From the first line to the last, retype the records exactly and skip the pictures.

Records contained in a dataset

⟨

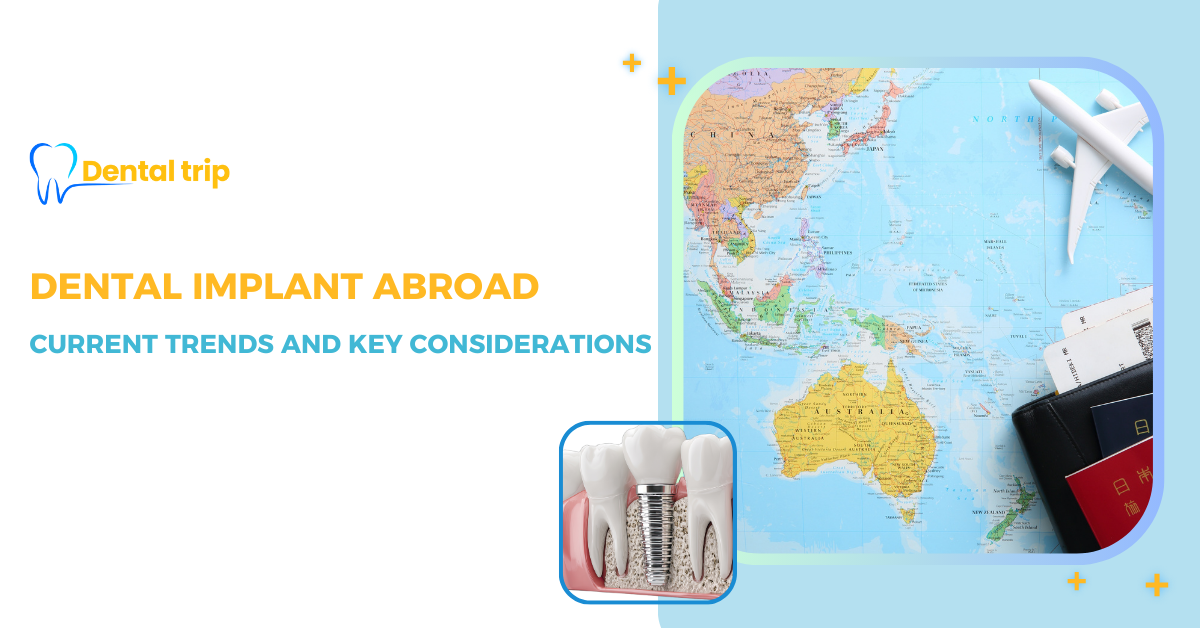 Dental implants abroad: Advantages, tips, and top countries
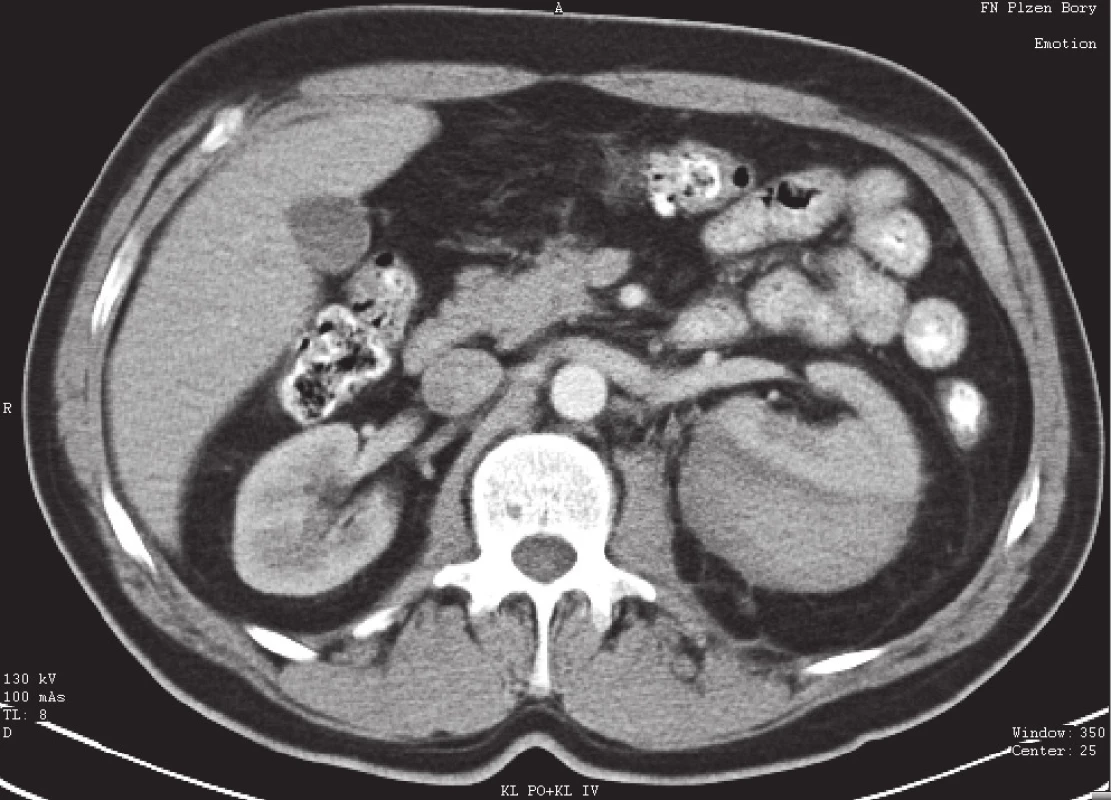 Subkapsulární hematom levé ledviny – I. stupeň poranění dle AAST
Fig. 1. Subcapsular haematoma of the left kidney – grade I. renal injury by AAST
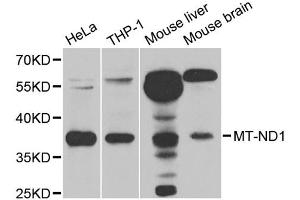 Western blot analysis of extracts of various cell lines, using MT-ND1 antibody. (MT-ND1 Antikörper)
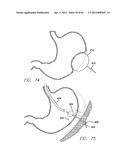 Remote Tissue Retraction Device diagram and image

⟩

* Problem solution *
 Dental implants abroad: Advantages, tips, and top countries
 Subkapsulární hematom levé ledviny – I. stupeň poranění dle AAST
Fig. 1. Subcapsular haematoma of the left kidney – grade I. renal injury by AAST
 Western blot analysis of extracts of various cell lines, using MT-ND1 antibody. (MT-ND1 Antikörper)
 Remote Tissue Retraction Device diagram and image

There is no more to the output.